> Assigned task
Each line of the material should be set down exactly. Pictures are not part of the copy.

> Dataset content
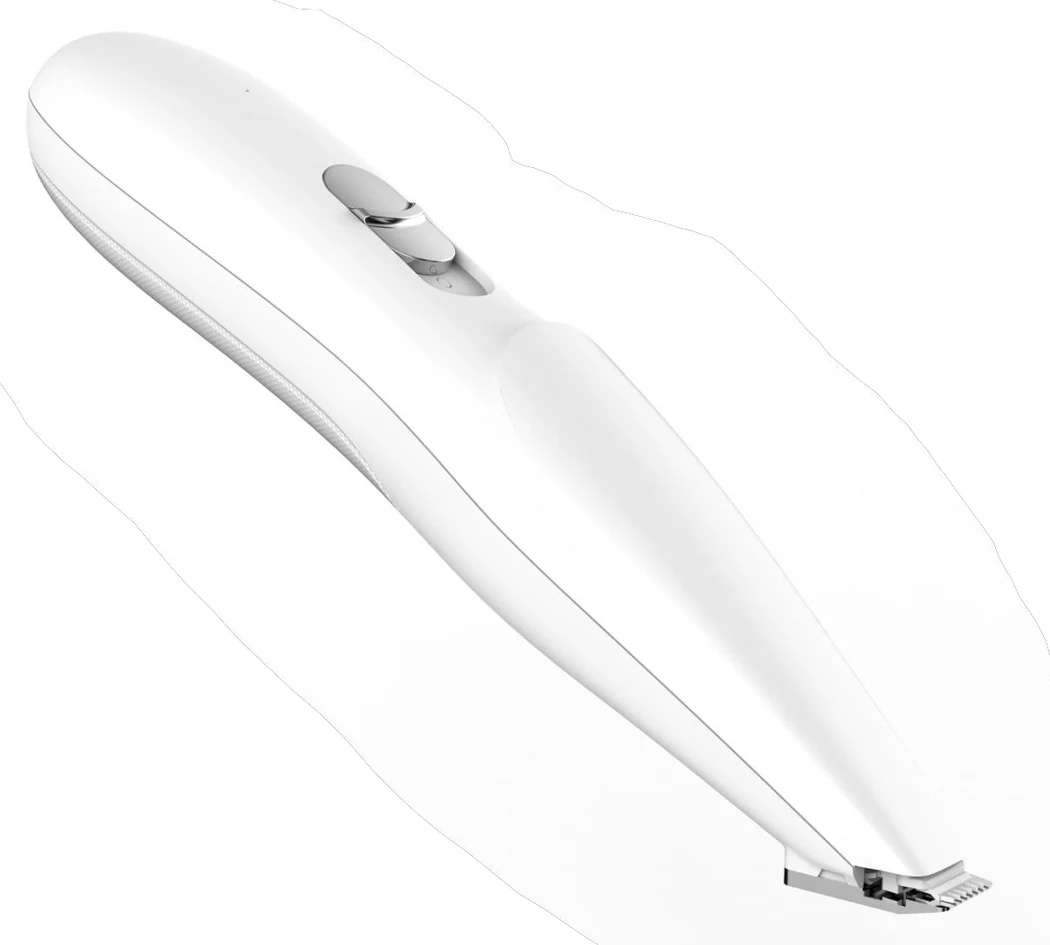 ER434 Pet Paw and Detail Trimmer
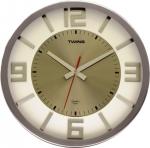 Twins hodiny 2361 white 32cm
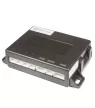 4 szenzoros tolatóradar - SMP 411EX-12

> Reply
 ER434 Pet Paw and Detail Trimmer
 Twins hodiny 2361 white 32cm
 4 szenzoros tolatóradar - SMP 411EX-12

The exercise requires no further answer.